Ottowa, Canada – Diablo Technologies today commented on the announcement that Netlist has filed a motion for preliminary injunction against the company and its technology partner SanDisk, in an attempt to impede the manufacture and sale of the ULLtraDIMM product.
Notably absent from Netlist’s press release is the fact that their recent motion has abandoned much of their previous positioning. Netlist has been forced to dismiss over three quarters of their asserted trade secrets and remove any claim of lost sales for the HyperCloud DIMM. Netlist’s recent amendments now limit their claims of lost sales to the NVvault, which does not even leverage the asserted IP, and the HyperVault, a product still in the early stages of development. These changes can be attributed to Netlist’s failure to substantiate claims in the so-called anonymous ‘whistleblower’ letter, on which they have based their case from the start. The request for a Preliminary Injunction will take months to resolve and Diablo will continue to deal with these baseless accusations in court.
“After a year of court proceedings and months of discovery, Netlist still cannot decipher how Memory Channel Storage works, much less substantiate that it infringes on any of their IP,” said Riccardo Badalone, CEO of Diablo Technologies. “Netlist indicated months ago that it would seek a Preliminary Injunction, and their long delay in doing so, as well as their continuous re-shuffling of infringement claims and trade secret assertions clearly indicate that they are losing confidence in their case. Netlist will continue in their attempt to disrupt our business and tarnish our brand in an effort to obtain a settlement as their only hope to generate a return. We view their latest move as a public relations stunt, which we will address in our existing claim against them.”
Diablo filed its defense and a counter claim against Netlist’s unfair business practices on September 25, 2014.

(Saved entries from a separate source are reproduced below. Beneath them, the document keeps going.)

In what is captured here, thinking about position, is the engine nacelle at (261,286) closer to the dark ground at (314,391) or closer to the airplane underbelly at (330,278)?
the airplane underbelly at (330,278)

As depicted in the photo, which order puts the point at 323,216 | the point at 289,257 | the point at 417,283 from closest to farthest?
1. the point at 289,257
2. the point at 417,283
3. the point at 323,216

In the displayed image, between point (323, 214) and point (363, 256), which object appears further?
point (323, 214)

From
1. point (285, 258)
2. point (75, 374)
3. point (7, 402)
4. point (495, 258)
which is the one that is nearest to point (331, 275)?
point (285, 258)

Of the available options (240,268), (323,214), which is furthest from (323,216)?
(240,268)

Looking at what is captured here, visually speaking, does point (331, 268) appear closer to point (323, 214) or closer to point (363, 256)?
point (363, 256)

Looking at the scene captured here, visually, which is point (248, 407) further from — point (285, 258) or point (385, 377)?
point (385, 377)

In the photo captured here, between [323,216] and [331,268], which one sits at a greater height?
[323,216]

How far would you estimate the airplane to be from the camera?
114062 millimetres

Diablo does not anticipate this latest development to disrupt the growing adoption of its products and technologies. The Memory Channel Storage™ (MCS™) platform is a new and innovative architecture that neither infringes upon, nor misappropriates any Netlist IP rights and makes full use of Diablo’s own IP, designs and implementations. MCS-based products and the Netlist HyperCloud, NVvault and HyperVault modules are sold in very different markets and are not interchangeable.
“Netlist has several significant competitors in the narrow NVDIMM (battery backed DRAM) market space, all of which are building similar and potentially interchangeable products,” continued Mr. Badalone. “MCS-based products are Flash-only and compete in the much larger and significantly expanding market of enterprise SSDs, where Netlist has no IP or product offerings. Preliminary Injunctions, in general, are very difficult to obtain, but we will be diligent in demonstrating that our products are non-infringing and non-competing. We will continue to press our case with full confidence in the court system.”